### What you need to do
All pictures should be dropped, and only the lines from the top of the entries below through the line containing "Macro shot of" repeated exactly, both ends included.

== Segment start ==

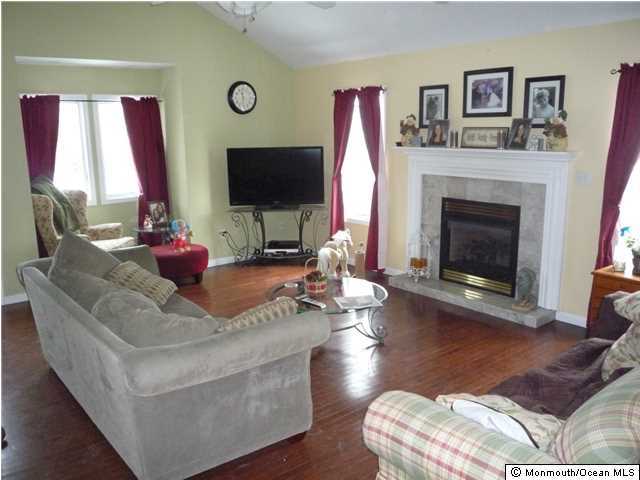 2403 Monmouth Court Point Pleasant, NJ 08742 - Photo 5 of 15 a living room with furniture fireplace and window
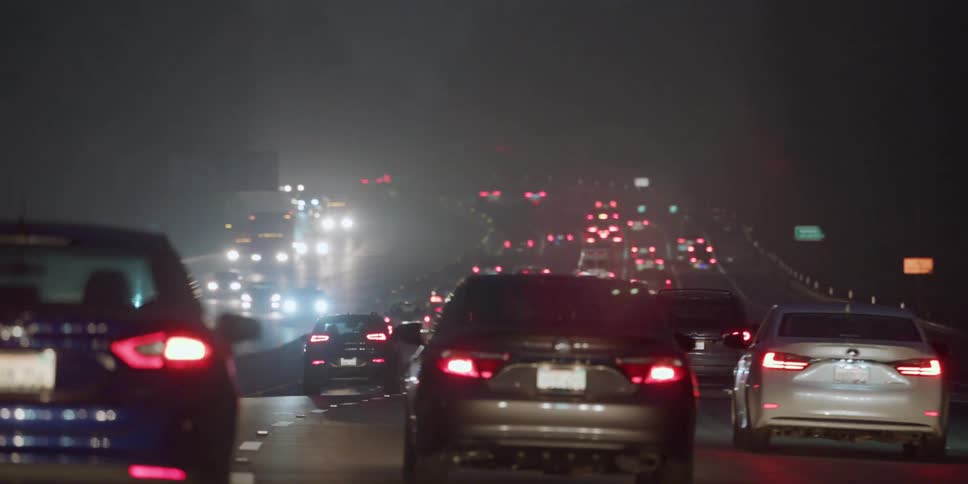 Cars and trucks travel on a highway at night in busy traffic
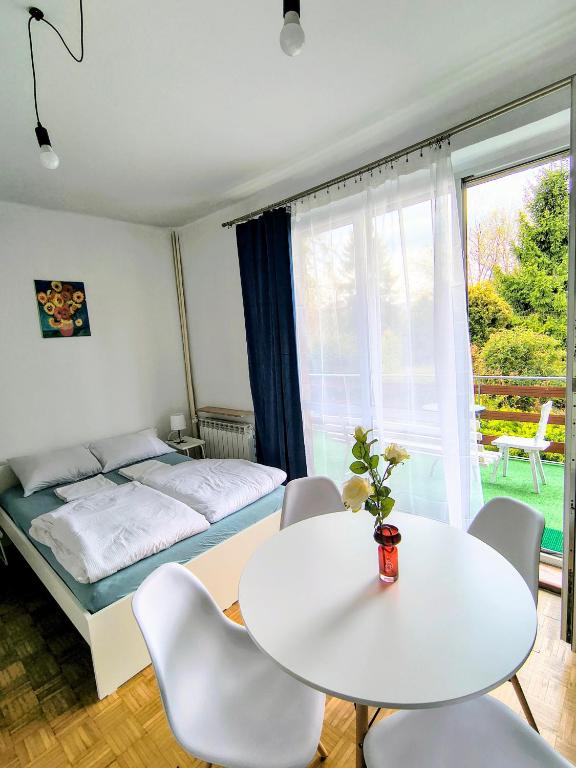 a bedroom with a bed and a table and chairs at Luna Rooms Oświęcim in Oświęcim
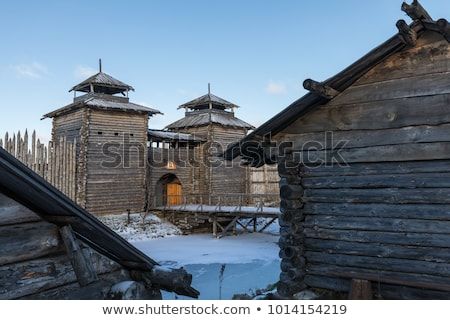 Ancient wooden fortress at sunset. Ancient wooden fortress and log huts. Russian village in the winter. Russia. Suzdal. Golden ring. Wooden Fortress, Russian Village, Fantasy Images, Golden Ring, Wooden Ring, High Fantasy, Dark Ages, Wooden Rings, In The Winter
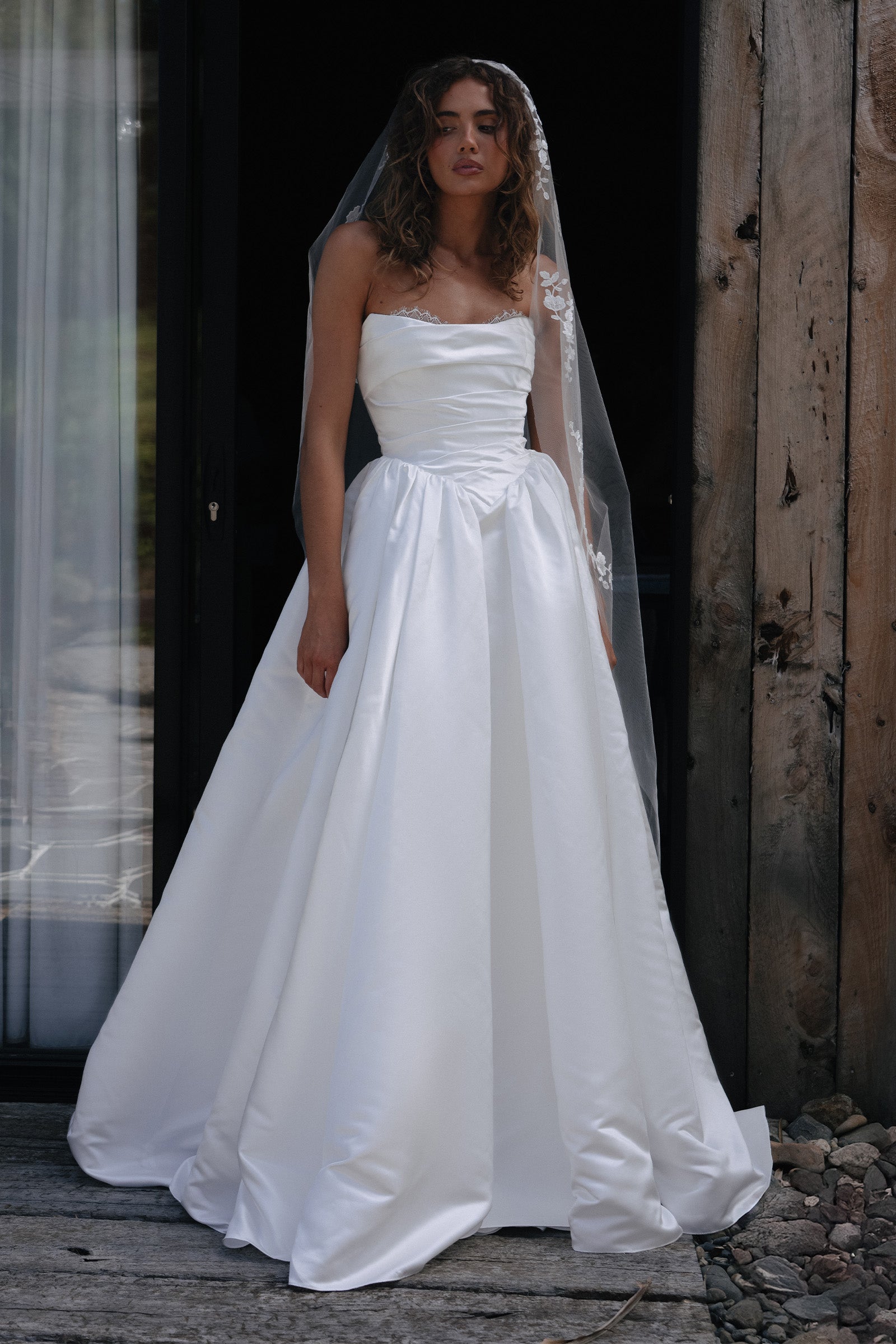 Woman wearing a satin A-line wedding dress_XS_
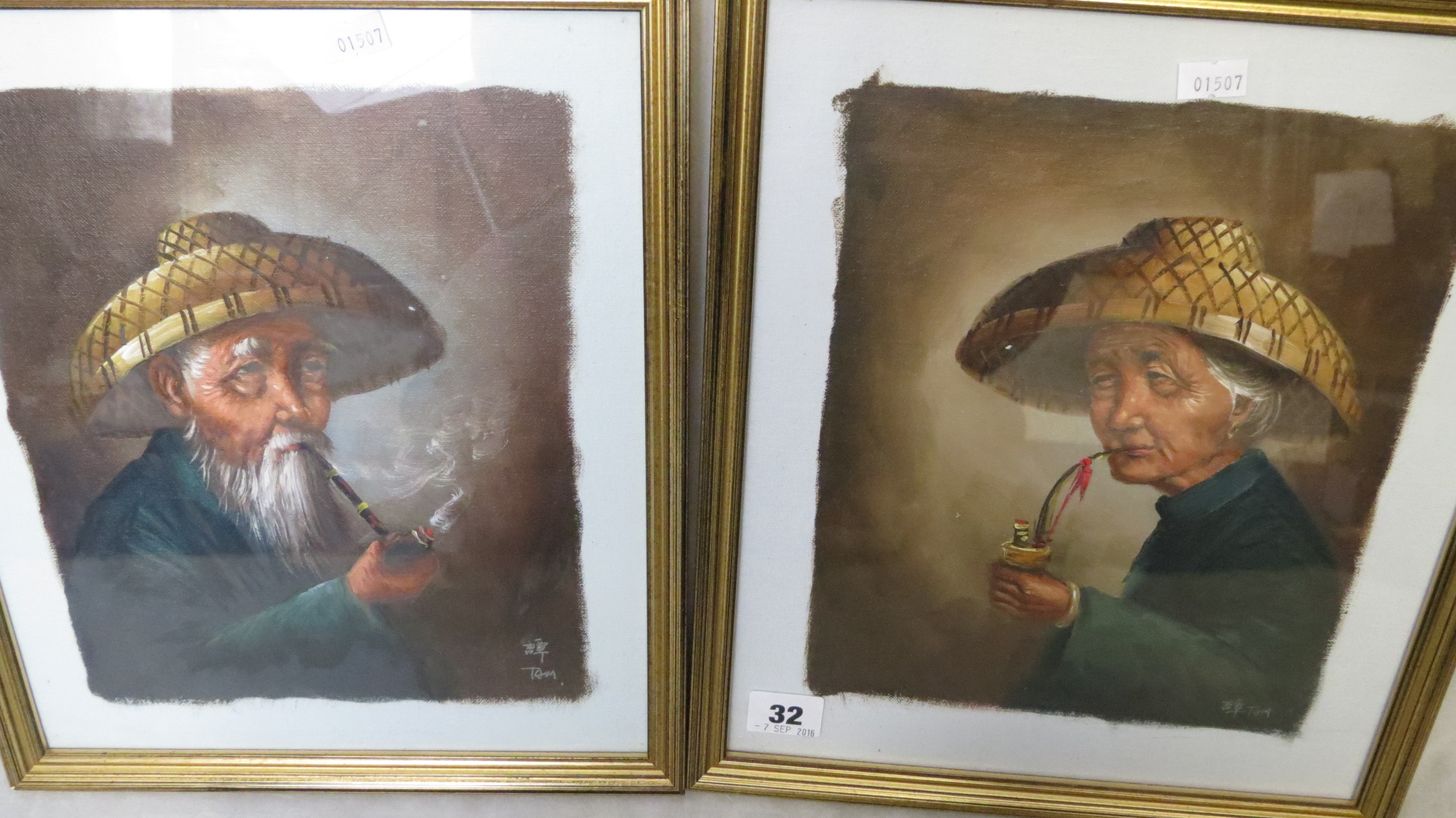 A Pair Of Asian Oil On Canvas Paintings Of An Old Man And Woman Smoking A Tobacco Pipe Each Sign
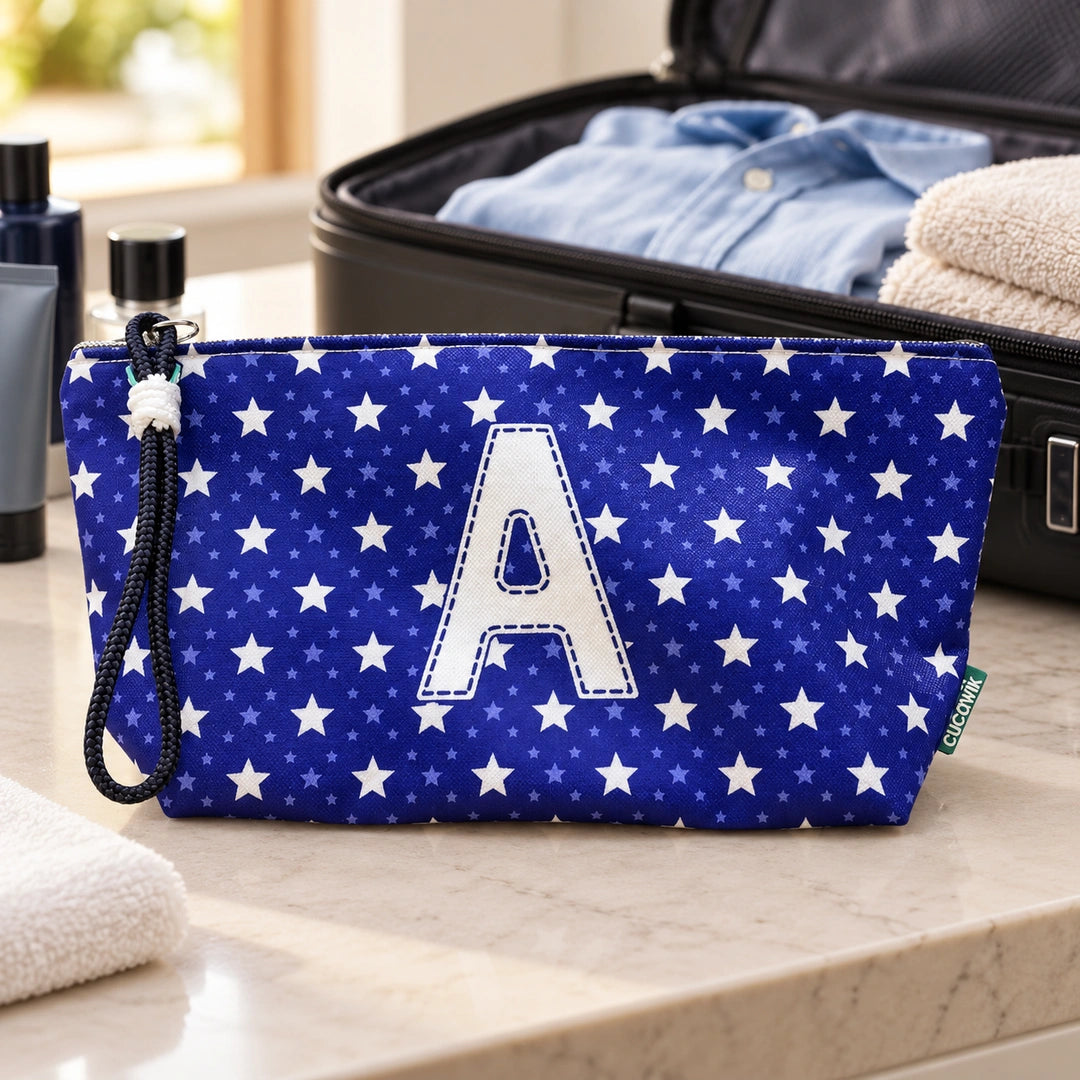 Bolsa Alex azul com letra A fechada num cenário de viagem com mala, roupa e artigos de higiene masculina.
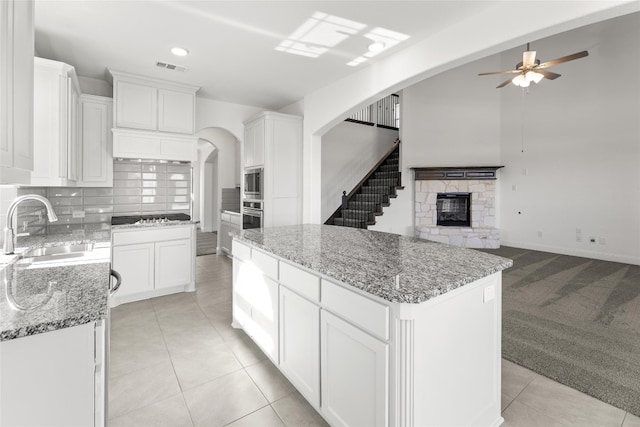 kitchen featuring ceiling fan, a fireplace, light carpet, a center island, and tasteful backsplash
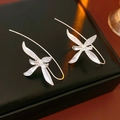 Macro shot of silver iris flower earrings on a black reflective jewelry box surface - Silver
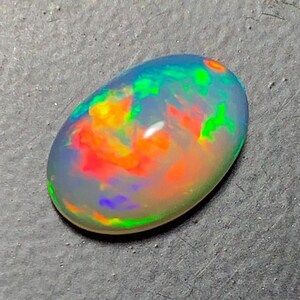 May include: A polished, oval-shaped opal gemstone. The opal displays a vibrant play-of-color, with flashes of red, orange, green, and blue hues. The stone is set against a gray surface, highlighting its iridescent qualities.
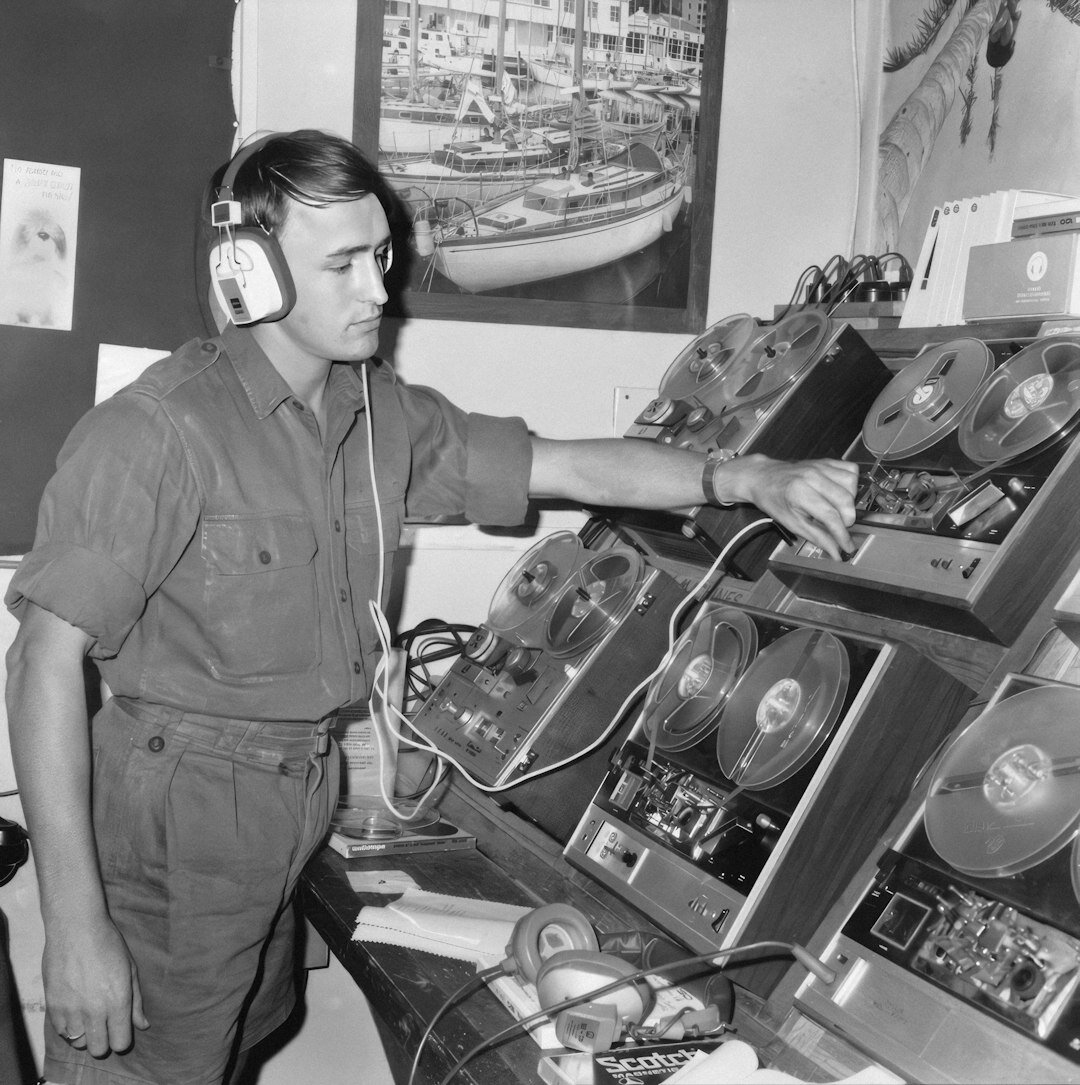 Portrait of a male field transmission technician with a headset around his neck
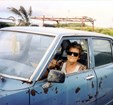 Women with sun glasses smiles from inside her beat up blue car.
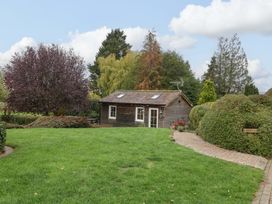A garden with a wooden shed and pathway at The Log Cabin in Corse near Gloucester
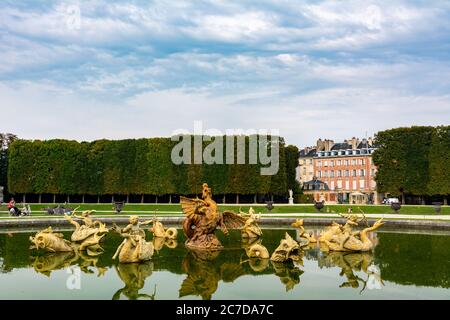 Versailles, France - August 27, 2019 : Dragon fountain in beautiful gardens of famous Versailles palace. The Palace of Versailles was a royal chateau. Stock Photo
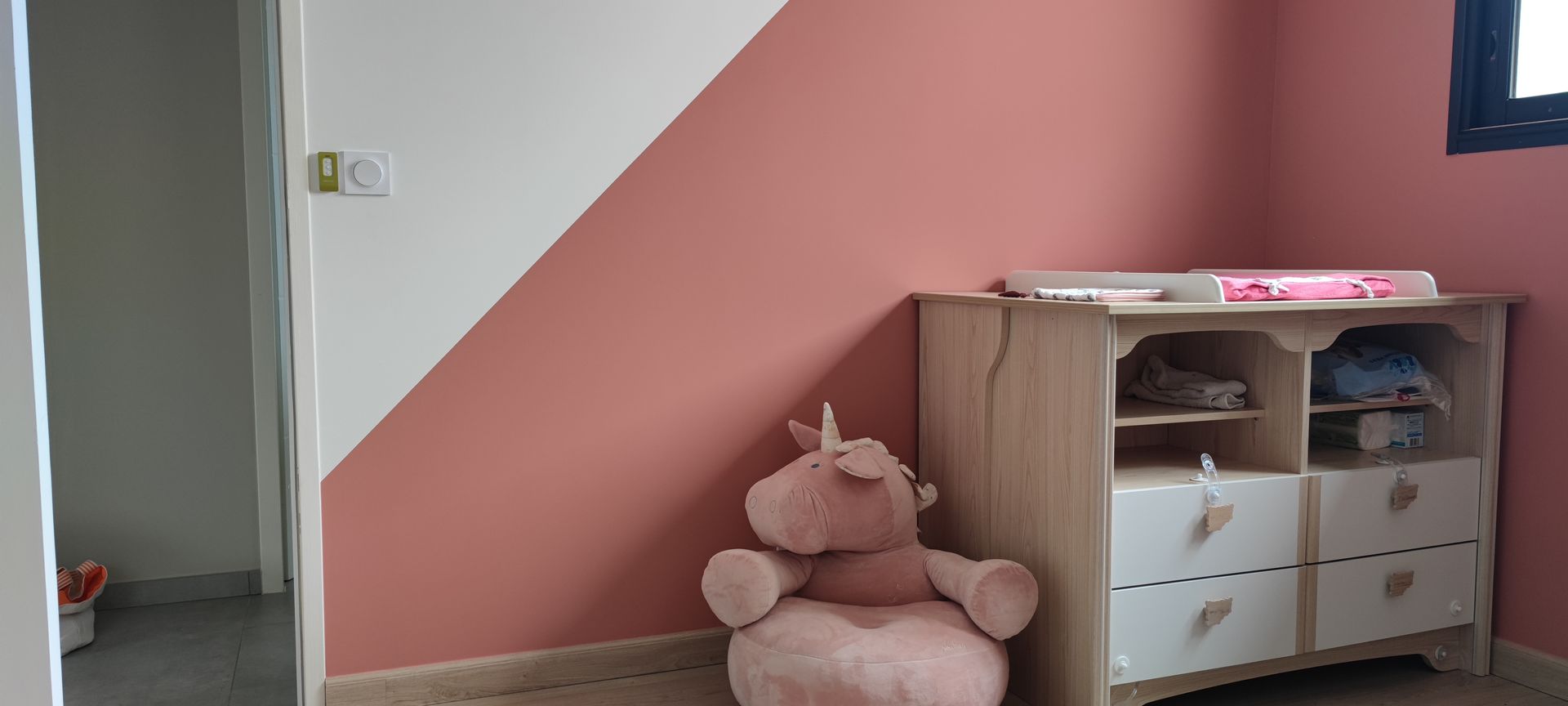 Chambre rose et blanc avec une peluche de licorne Rose.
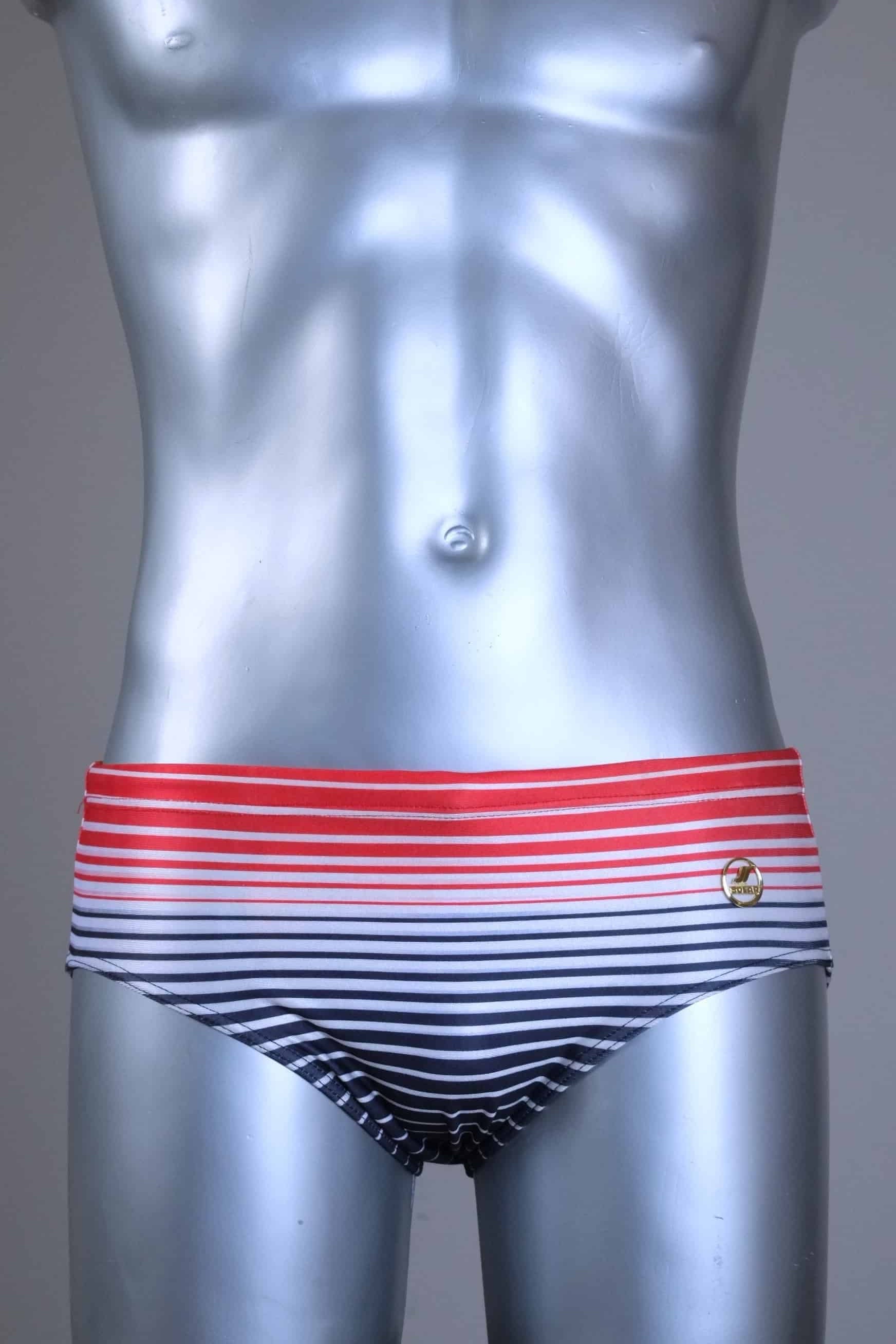 Vintage 80s men's swim briefs featuring a red-to-black gradient horizontal stripe pattern on a silver mannequin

== Segment end ==

### Answer
 2403 Monmouth Court Point Pleasant, NJ 08742 - Photo 5 of 15 a living room with furniture fireplace and window
 Cars and trucks travel on a highway at night in busy traffic
 a bedroom with a bed and a table and chairs at Luna Rooms Oświęcim in Oświęcim
 Ancient wooden fortress at sunset. Ancient wooden fortress and log huts. Russian village in the winter. Russia. Suzdal. Golden ring. Wooden Fortress, Russian Village, Fantasy Images, Golden Ring, Wooden Ring, High Fantasy, Dark Ages, Wooden Rings, In The Winter
 Woman wearing a satin A-line wedding dress_XS_
 A Pair Of Asian Oil On Canvas Paintings Of An Old Man And Woman Smoking A Tobacco Pipe Each Sign
 Bolsa Alex azul com letra A fechada num cenário de viagem com mala, roupa e artigos de higiene masculina.
 kitchen featuring ceiling fan, a fireplace, light carpet, a center island, and tasteful backsplash
 Macro shot of silver iris flower earrings on a black reflective jewelry box surface - Silver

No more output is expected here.